November 05, 2005 Barbara McCandless, Curator of Photographic Collections at the Amon Carter Museum, Is Dead at 56

Black-and_white headshot of Barbara McCandless.

Fort Worth, TX, November 5, 2005—Barbara McCandless, a curator at the Amon Carter Museum for 17 years, died on Saturday, Nov. 5, at a local hospital following a lengthy illness. McCandless came to the Carter in 1988 as Assistant Curator of Photographs. She was named Curator of Photographs in 1996 and Curator of Photographic Collections in 2002. Prior to joining the Carter, McCandless worked at the Harry Ransom Humanities Research Center at the University of Texas at Austin as a research associate of the photography collection.

A memorial service will be held at the Amon Carter Museum on Saturday, December 3, at 11 a.m. The Museum has established the Barbara McCandless Photography Fund to honor her significant contributions to the Carter and her great love for American photography. Funds will be used to acquire works along the lines of her interests. Contributions to the Barbara McCandless Photography Fund may be sent to the museum.

“Barbara McCandless was an important member of our curatorial staff, and her accomplishments were many,” noted museum Director Rick Stewart. “We all enjoyed working with her, and her achievements here will not be forgotten.
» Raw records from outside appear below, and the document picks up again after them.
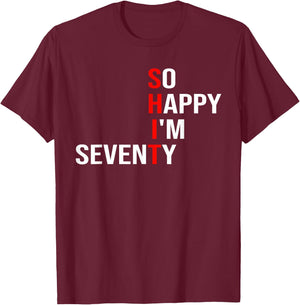So Happy I'm Seventy Funny 70 Years Old 70th Birthday Gifts T-Shirt - T-Shirt | Maroon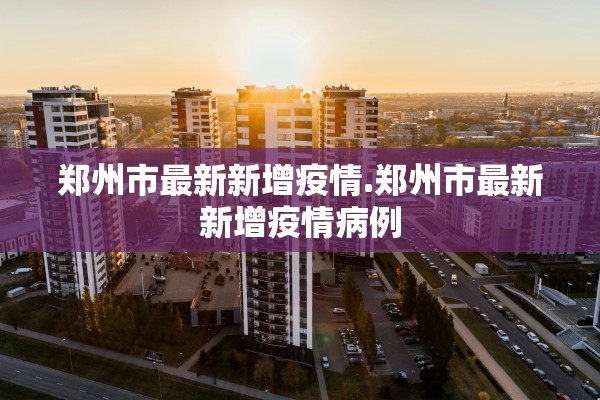 郑州市最新新增疫情.郑州市最新新增疫情病例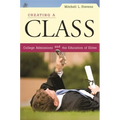 Creating a Class: College Admissions and the Education of Elites - Paperback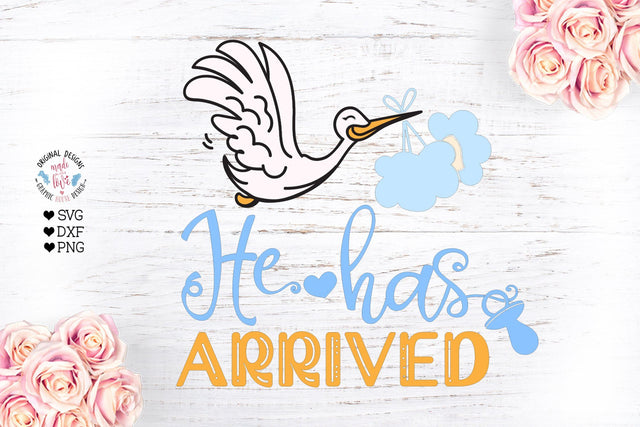 He has arrived - Baby Birth svg - Stork svg SVG Graphic House Design 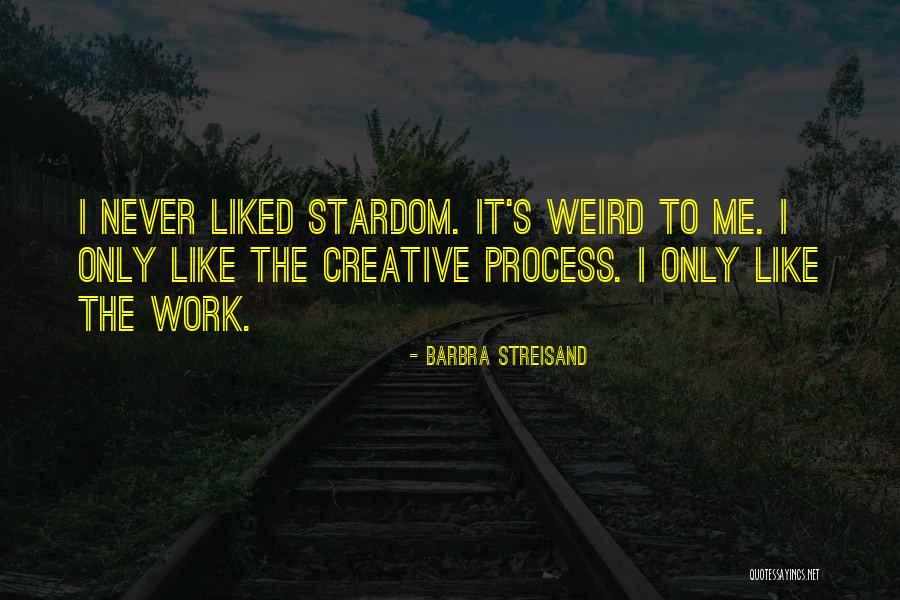 Streisand Quotes By Barbra Streisand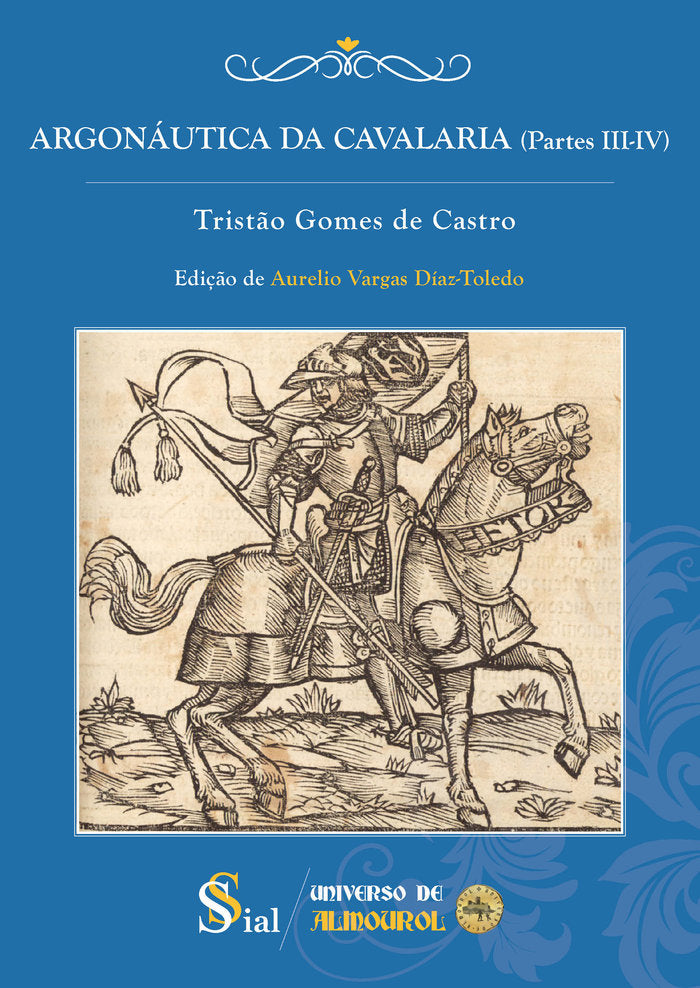 ARGONÁUTICA DA CAVALARIA (PARTES III-IV), de Gomes de Castro, Tristao | portada del libro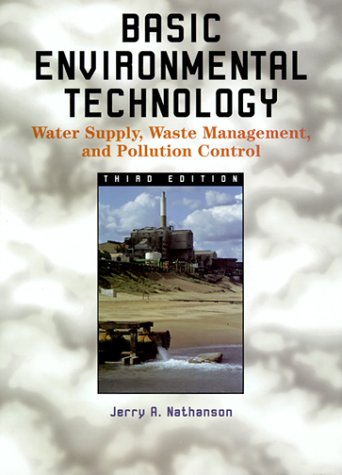 9780130826268: Basic Environmental Technology: Water Supply, Waste Management, and Pollution Control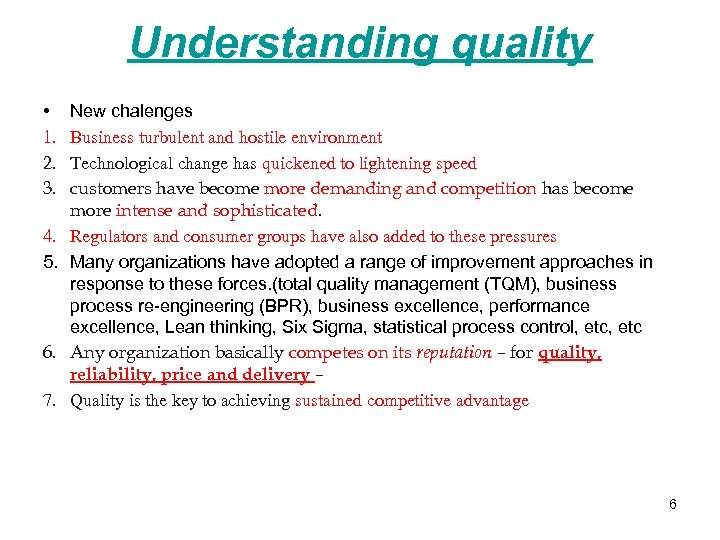 Understanding quality • 1. 2. 3. 4. 5. 6. 7. New chalenges Business turbulent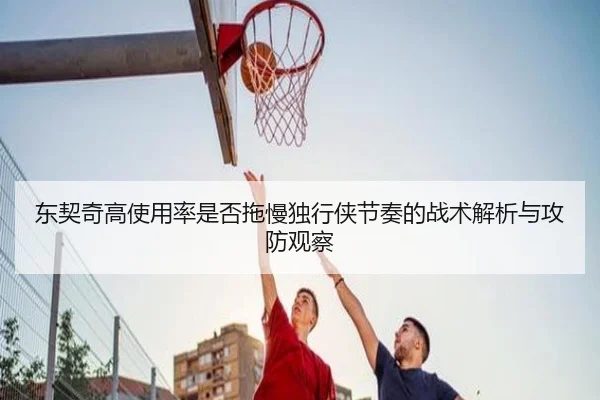 东契奇高使用率是否拖慢独行侠节奏的战术解析与攻防观察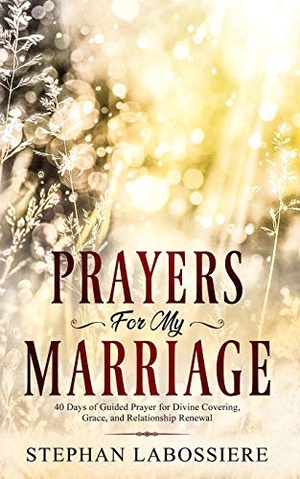 Labossiere, Stephan. Prayers for My Marriage - 40 Days of Guided Prayer for Divine Covering, Grace, and Relationship Renewal. Stephan Speaks LLC., 2019.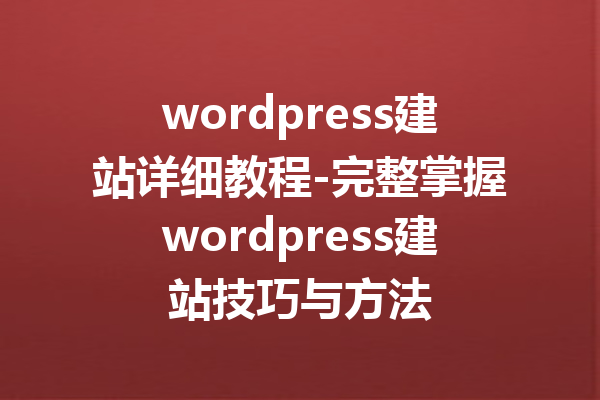 wordpress建站详细教程-完整掌握wordpress建站技巧与方法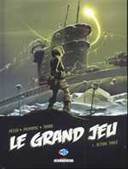 Le Grand Jeu – T1 : Ultima Thulé – par Pécau & Pilipovic – Delcourt
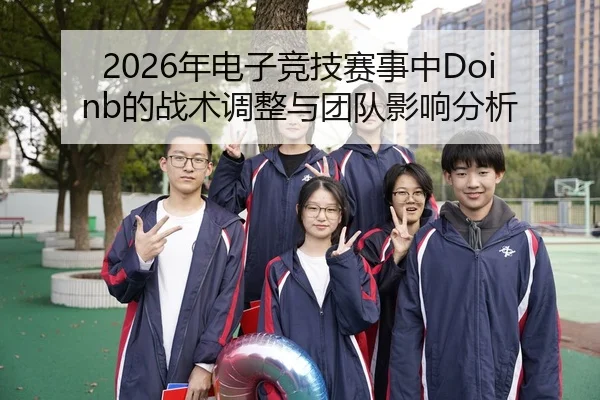 2026年电子竞技赛事中Doinb的战术调整与团队影响分析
She was an important voice in the formation of the museum’s vast photography collection, and her extensive knowledge facilitated its management. In addition to this, Barbara was a wonderful person. All of us are deeply saddened by her untimely passing.”

Added John Rohrbach, senior curator of photographs, “I will miss Barbara’s great passion for photography. She had an infectious enthusiasm and a professionalism that made her an effective advocate for the medium and a valuable colleague.”

At the Carter, McCandless helped to oversee one of the largest and most important photography collections in the country. The photographic fine art collection of 30,000 works includes some of the greatest American achievements by artists such as Ansel Adams, Richard Avedon, Laura Gilpin, Carl Mydans, Eliot Porter, Alfred Stieglitz, Paul Strand, Karl Struss, and Minor White.

McCandless organized numerous photography exhibitions, including New York to Hollywood: Photographs by Karl Struss; Imagining the Open Range: Erwin E. Smith, Cowboy Photographer; and The Inner Spirit: Art of the American Avant-Garde, 1907-1920. She is the author of Equal before the Lens: Jno. Trlica’s Photographs of Granger, Texas (1992) and co-author of Photography in Nineteenth-Century America (1991) and New York to Hollywood: The Photography by Karl Struss (1995). She also co-authored Singular Moments: Photographs from the Amon Carter Museum Collection (2001); An American Collection: Works from the Amon Carter Museum (2001); and Celebrating America: Masterworks from Texas Collections (2002).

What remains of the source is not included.